A Buira et al., An Analysis of IMF Conditionality (United Nations, 2003).

“IMF conditionality was introduced in the 1950s as a means to restore members’ balance-of-payments viability, to ensure that Fund resources would not be wasted and to ensure that the institution would be able to recover the loans it extended to member countries. For several decades, until the early eighties, Fund Conditionality centered on the monetary, fiscal and exchange policies of members. Over the last 20 years, while the resources of the Fund declined as a proportion of world trade, the number of Fund programmes increased steadily, and conditi8onality underwent substantial changes, expanding the scope of conditionality into fields that previously had been largely outside its purview. As the number of conditions increased, the rate of member country’s compliance with Fund supported programmes declined, and reviewing and streamlining conditionality became inevitable” (iii).

“Conditionality is perhaps the most controversial aspect of IMF policies. Among the traditional criticisms of Fund conditionality are that it is too short-run oriented, too focused on demand management and does not pay adequate attention to its impact on growth and the effects of programmes on social spending and on income distribution” (1).

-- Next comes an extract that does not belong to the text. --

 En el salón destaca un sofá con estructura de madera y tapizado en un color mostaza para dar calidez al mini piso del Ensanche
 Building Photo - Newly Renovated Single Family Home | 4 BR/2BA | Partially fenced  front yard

The author explores some of the literature critical of IMF conditionality. This literature is specific in its criticism of the IMF’s overreaching through the imposition of structural modifying conditions that must be met in order to secure loans. Some have argued that the model of providing short-term stabilizing funding with conditions is fundamentally flawed, and that the IMF should approach countries with recommendations as to the changes that must be made structurally to their economy only when they are approached by said countries. The history of conditionality extends back to the US’ involvement in supplying much credit to The Fund after WWII. Initially, there was no conditionality. However, the Articles of the organization were amended.

“Conditionality may be defined as a means by which one offers support and attempts to influence the policies of another in order to secure compliance with a programme of measures. It is a tool by which a country is made to adopt specific policies or to undertake certain reforms that it would not otherwise have undertaken for support. Within the context of the IMF, conditionality refers to policies a member must adopt to secure access to Fund resources. These policies are intended to help the member country overcome its external payments problem and thus be in a position to repay the Fund in a timely manner, thereby ultimately assuring the ‘revolving character’ of Fund resources” (3).

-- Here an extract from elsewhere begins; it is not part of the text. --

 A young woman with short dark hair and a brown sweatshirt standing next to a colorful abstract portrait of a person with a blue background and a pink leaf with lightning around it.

What is the nature of conditionality? Is it possibly coercive? Probably. It depends mostly on the relationship between the Fund and the country that is seeking funding. For example, a country that has much access to global financial markets will be in a relatively stronger position vis-à-vis the fund than a country that has no ready access to global finance. Additionally, if a country is facing a balance of payments crisis, it may have to rely heavily on the Fund for liquidity, and that kind of a position would put countries in a compromising position, potentially. In another way, the Fund moves well beyond its mandate as a short-term financial stability institution and becomes an organization that imposes policies that directly affect development. That is clearly the mandate of The Bank. If Fund conditionality is not coercive, at its very least it has the potential of being overly paternalistic .

In another vein: is Fund resources assured through the practice of conditionality? Other institutions who are in the business of loaning sovereigns money do not provide conditions. In addition, the size of the Fund’s reserves has not grown apace with the economy at large. The “revolving character” of the resources is thus brought into question.

On September 20, 2002, The Fund agreed to four guidelines that were designed to overhaul the process of conditionality: “national ownership of programs…parsimony in the application of conditions…tailoring the programme to the member’s circumstances… clarity as to what essential aspect of the programme must be complied with, and what additional measures are contemplated whose non-observance will not constitute a breach of the agreement and impair the country’s ability to draw Fund resources” (10).